***** Data provided
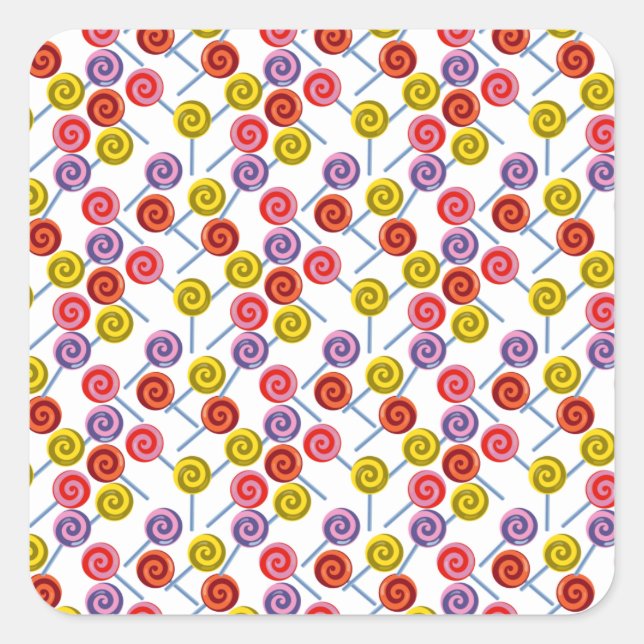 Adesivo Quadrado Candy pattern | Lollies pattern | lollipop 2 (Frente)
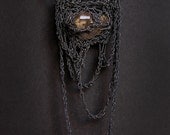 herkimer quartz diamond crochet necklace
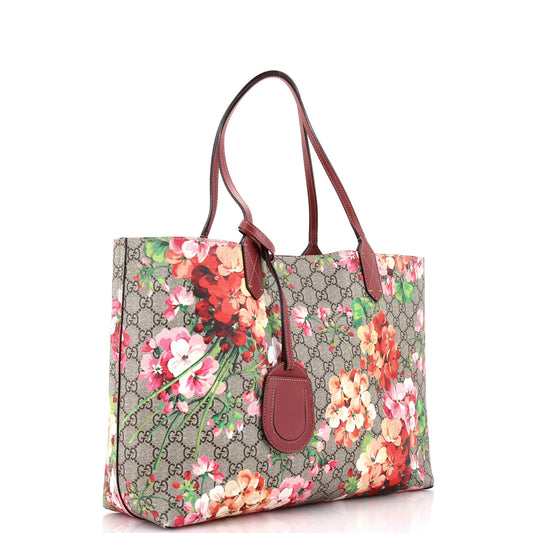 Reversible Tote Blooms GG Print Leather Medium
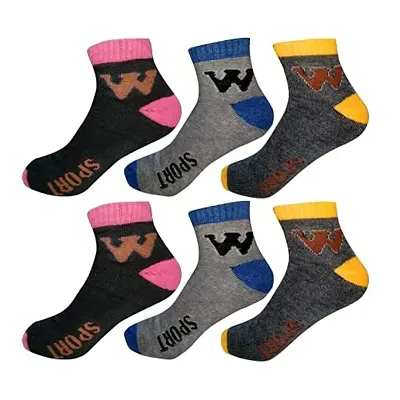 Best Friends Forever Men's and Women's Colorful Premium Cotton Cushion Ankle Socks (6)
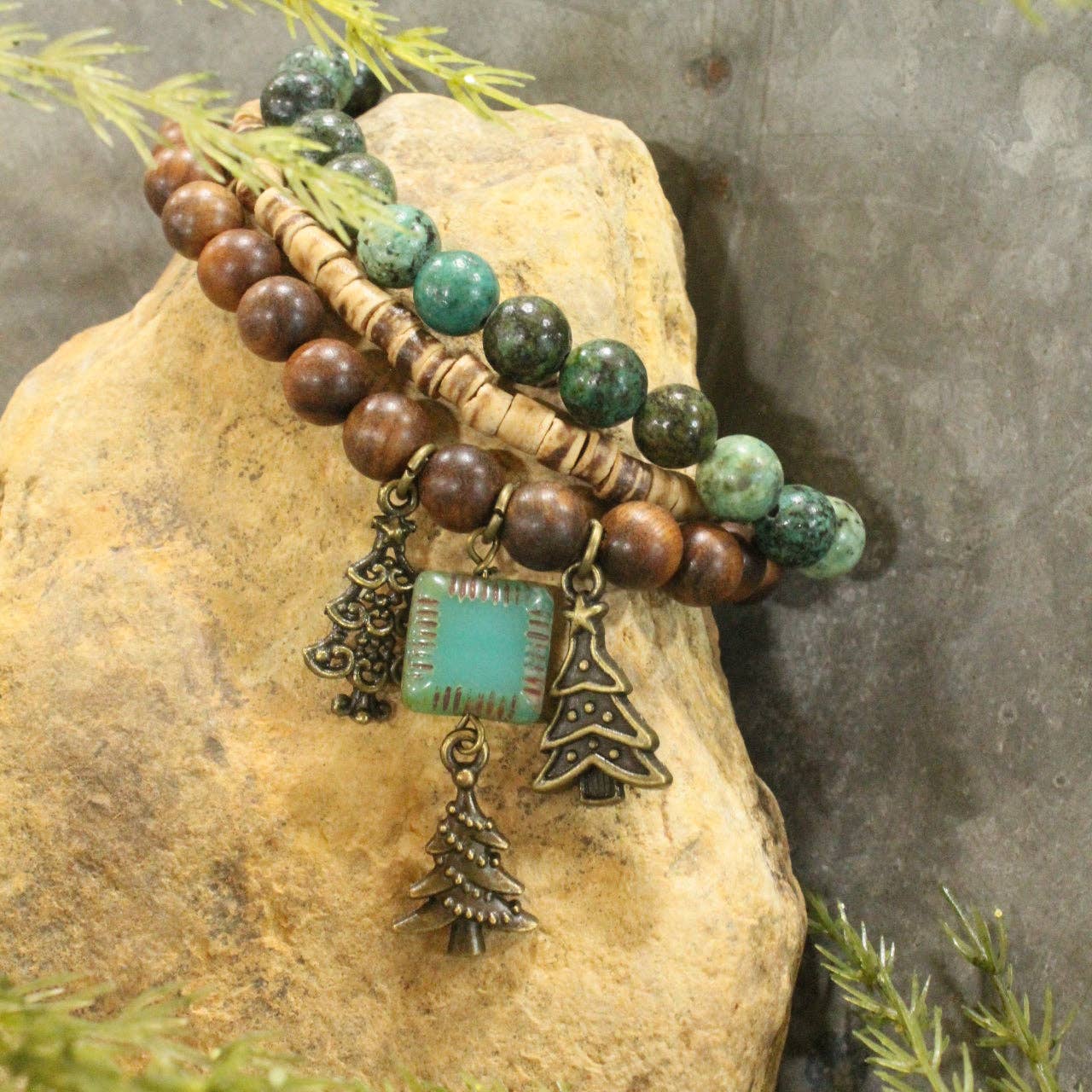 Czech Stone & In The Evergreens Stretch Bracelet
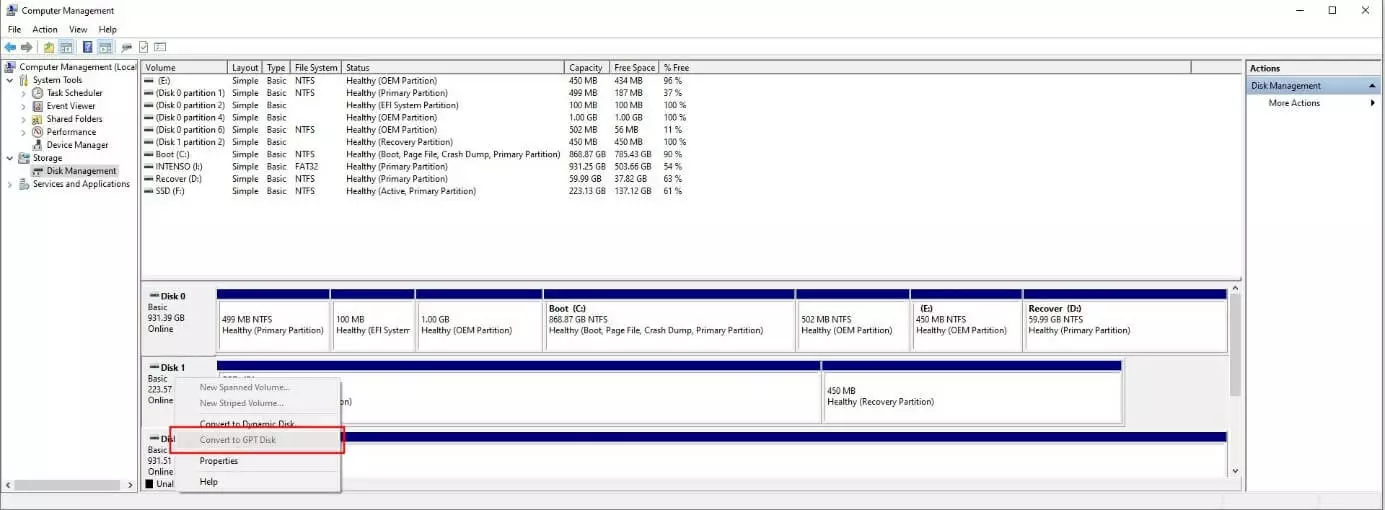 Administración de discos de Windows: convertir en GPT.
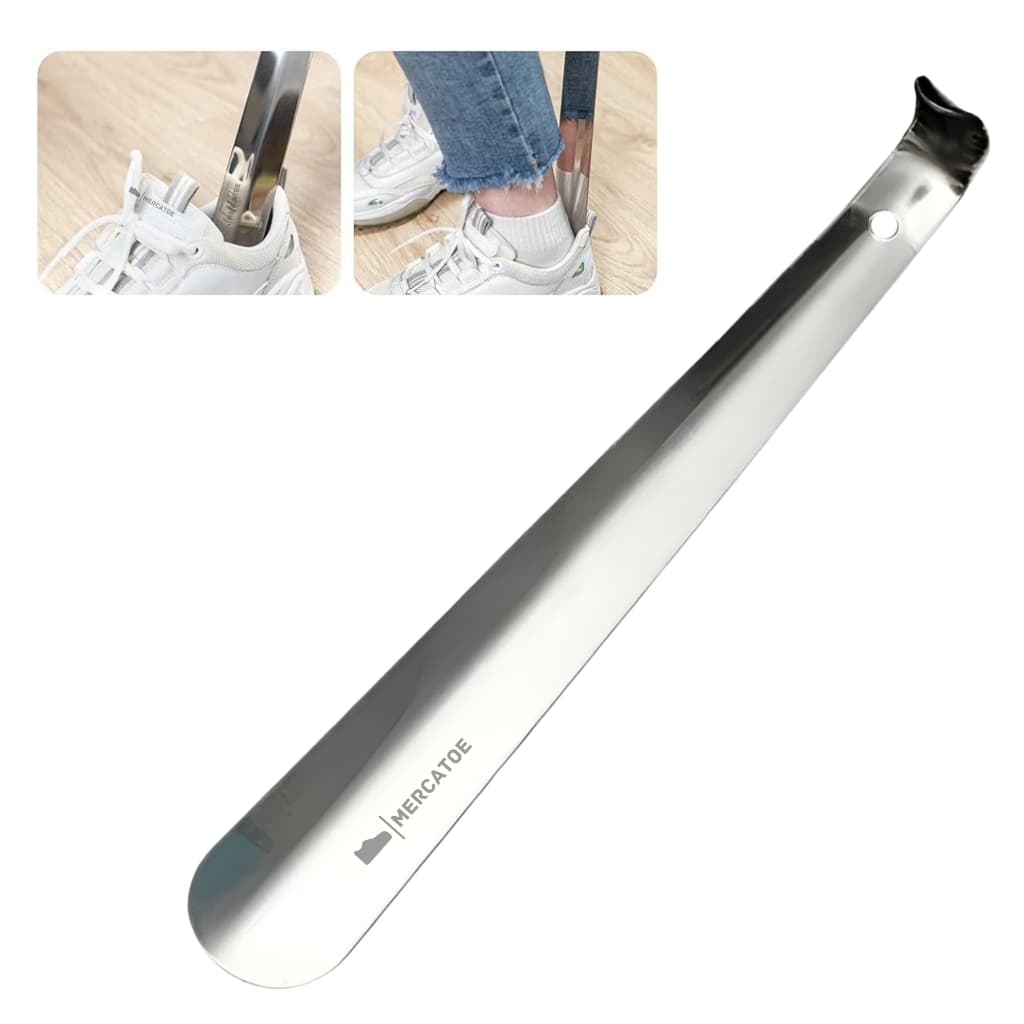 Calçadeira Aço Inox para Sapatos 38cm | Sandálias | Tênis - Idosos Obesos Grávidas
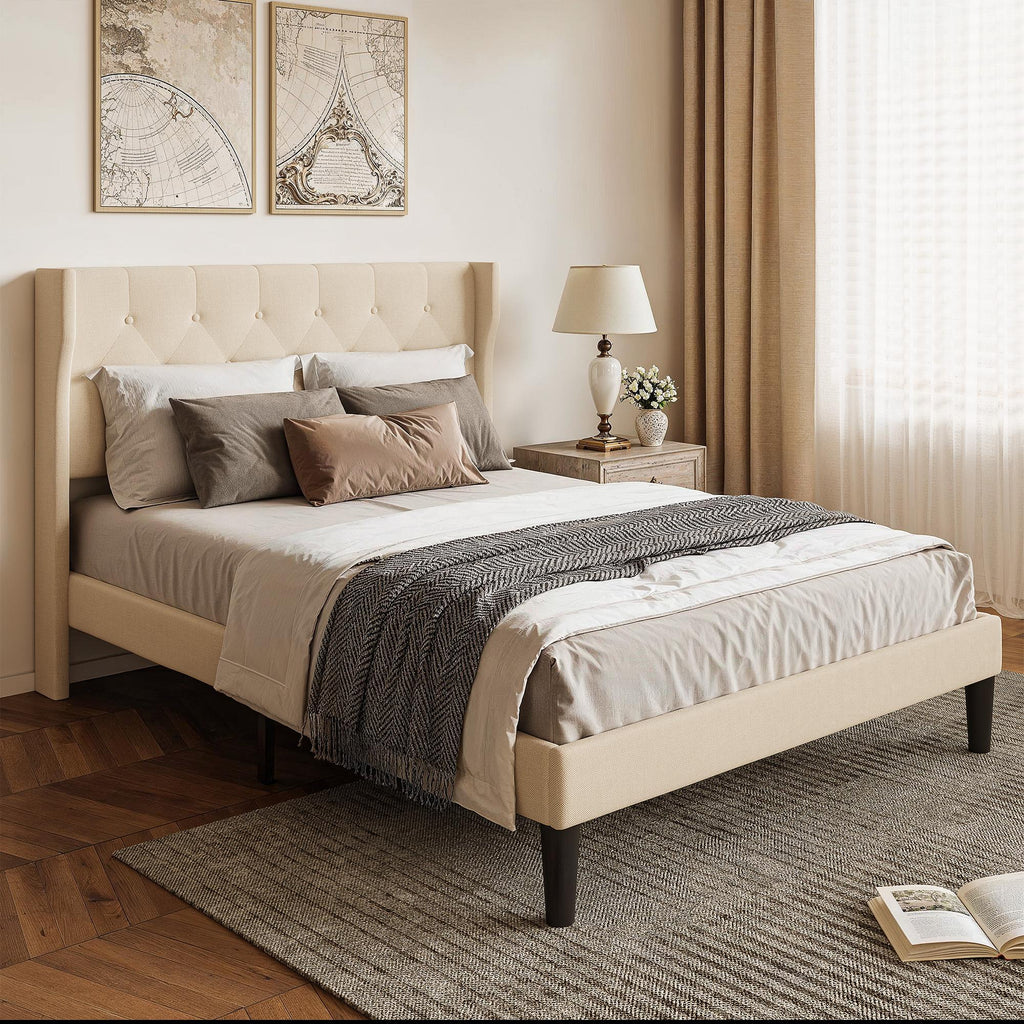 Bealife AF16 Gepolstertes Französisches Bett 140×200 cm, Zwischengröß Einzelbett mit Wingback-Kopfteil & Lattenrost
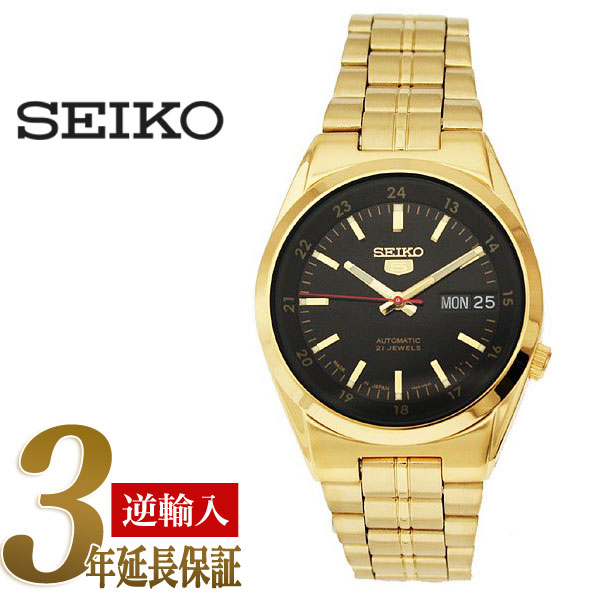 【日本製逆輸入SEIKO 5】セイコー5 メンズ自動巻き腕時計 ブラックダイアル ゴールドステンレスベルト SNK576J1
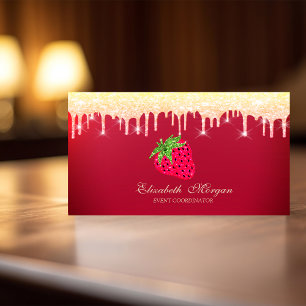 Kühle Glitter-Tropfen Erdbeerrot Visitenkarte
**********
- **Exercise objective**:
Both ends included, copy word for word the lines from the top of the entries above through the line with "Best Friends Forever". No pictures.

- **Exercise result**:
 Adesivo Quadrado Candy pattern | Lollies pattern | lollipop 2 (Frente)
 herkimer quartz diamond crochet necklace
 Reversible Tote Blooms GG Print Leather Medium
 Best Friends Forever Men's and Women's Colorful Premium Cotton Cushion Ankle Socks (6)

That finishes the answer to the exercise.